▶ [EXERCISE GOAL]
Leave out the pictures and copy each record below exactly.

Extracted records:
-- Opening Marker --
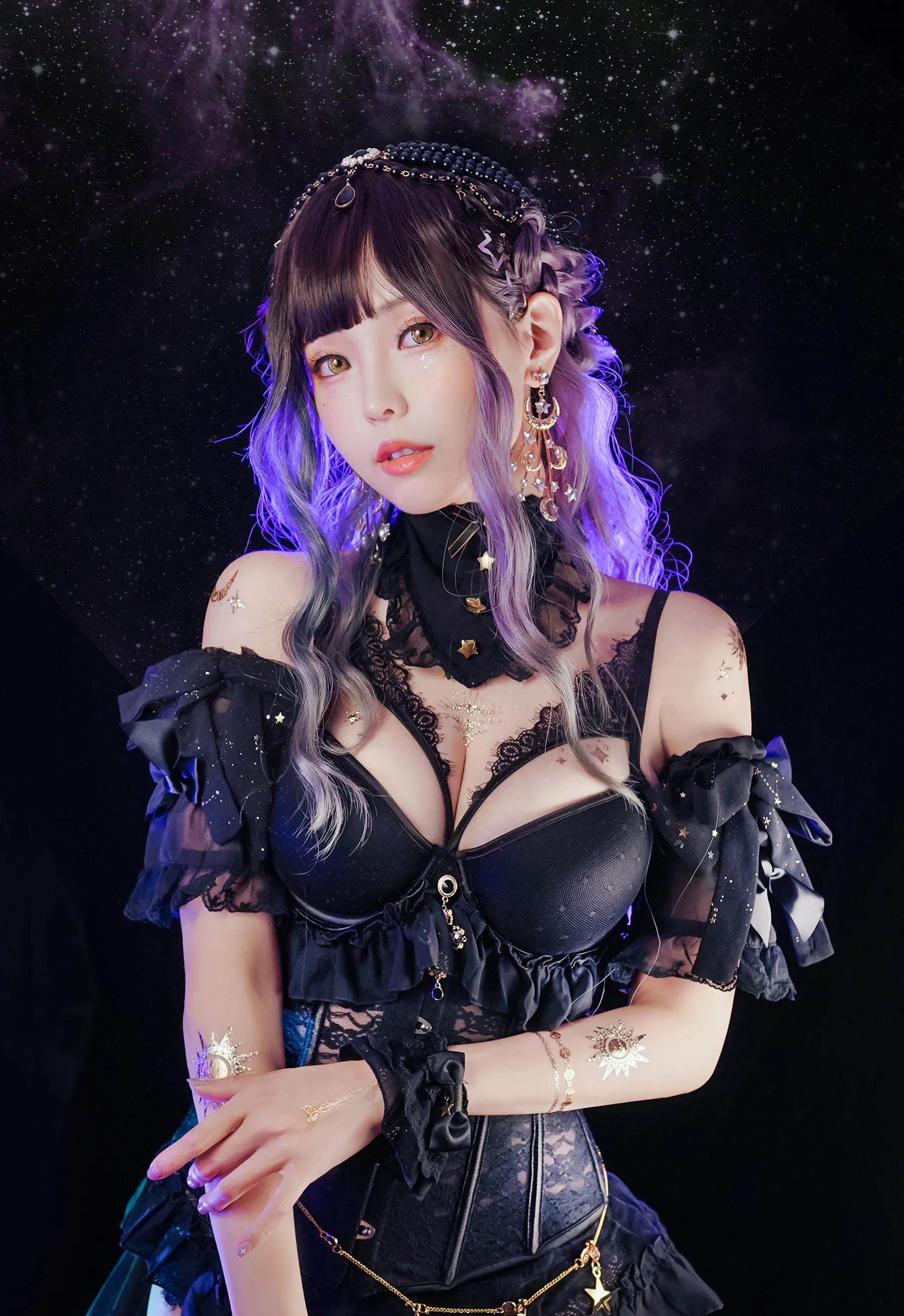 Coser妹子_ElyEE子_No.080 Astrology Witch 主题写真 [33P]Xiuren秀人写真高清美女套图写真下载-看套图看套图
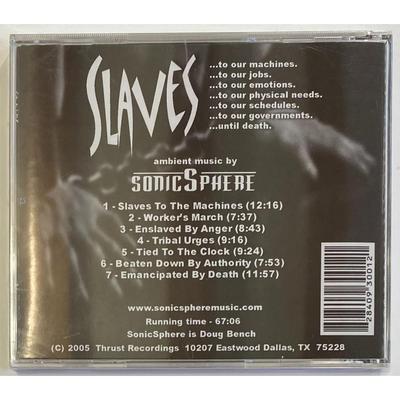 SonicSphere - Slaves CD. New.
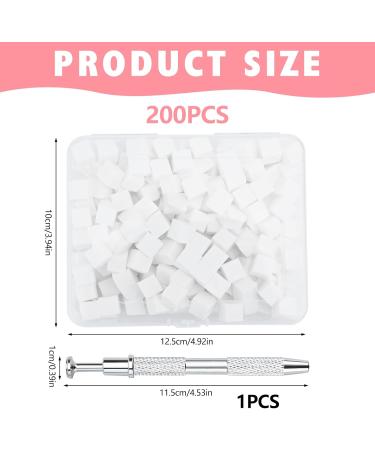 Bekecidi Nail Art Set with 200 Soft White Sponges and a Durable Grab Pen for Ombre Nail Art Create a Variety of Nail Art Styles - Buy Online on GoSupps.com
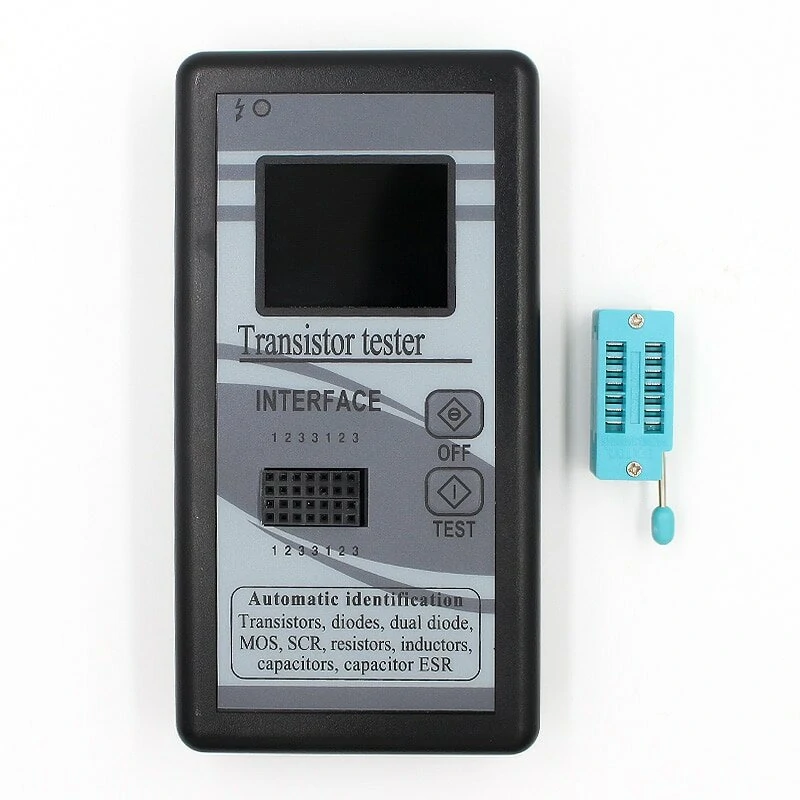 Special Version Multi-purpose Transistor Tester 128*160 Diode Thyristor Capacitance Resistor Inductance MOSFET ESR LCR Meter — view 3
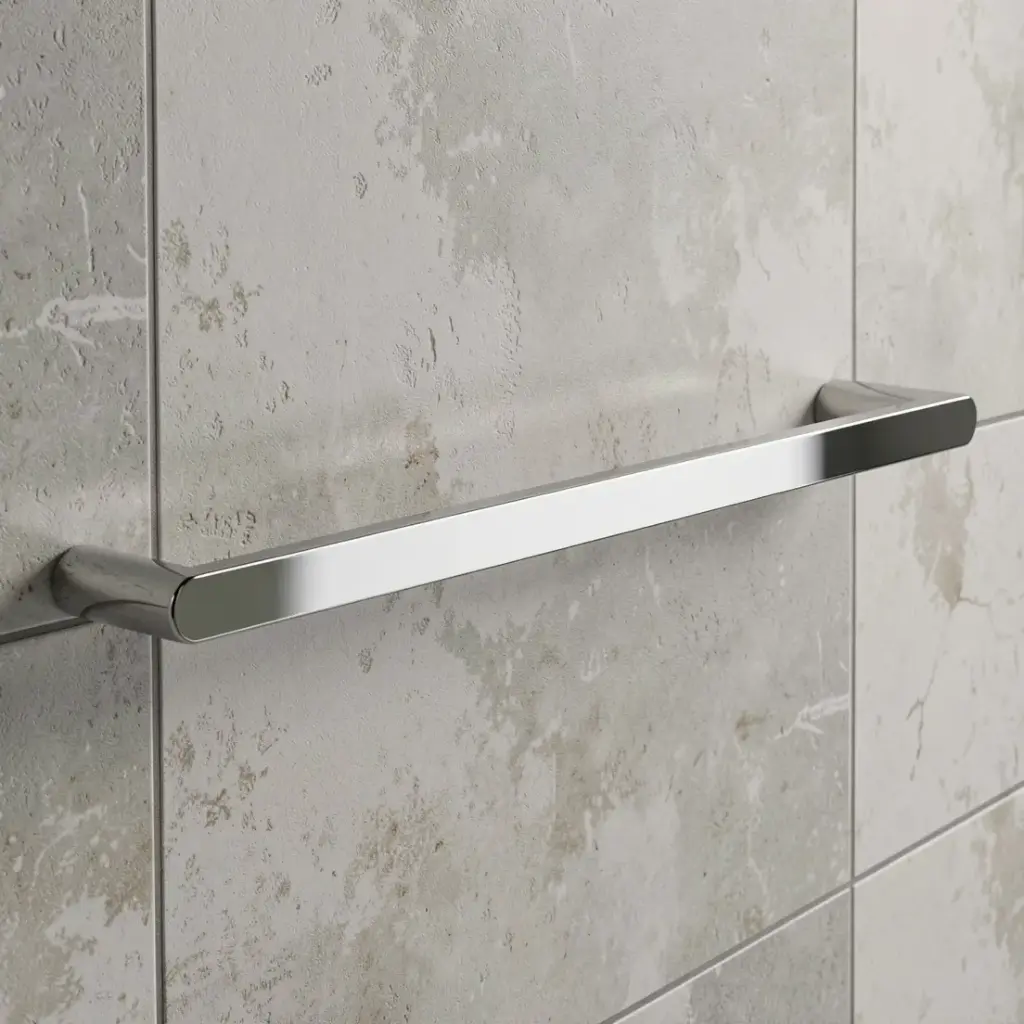 Dove Single Towel Rail(Chrome)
-- Closing Marker --
▶ [TASK RESPONSE]
 Coser妹子_ElyEE子_No.080 Astrology Witch 主题写真 [33P]Xiuren秀人写真高清美女套图写真下载-看套图看套图
 SonicSphere - Slaves CD. New.
 Bekecidi Nail Art Set with 200 Soft White Sponges and a Durable Grab Pen for Ombre Nail Art Create a Variety of Nail Art Styles - Buy Online on GoSupps.com
 Special Version Multi-purpose Transistor Tester 128*160 Diode Thyristor Capacitance Resistor Inductance MOSFET ESR LCR Meter — view 3
 Dove Single Towel Rail(Chrome)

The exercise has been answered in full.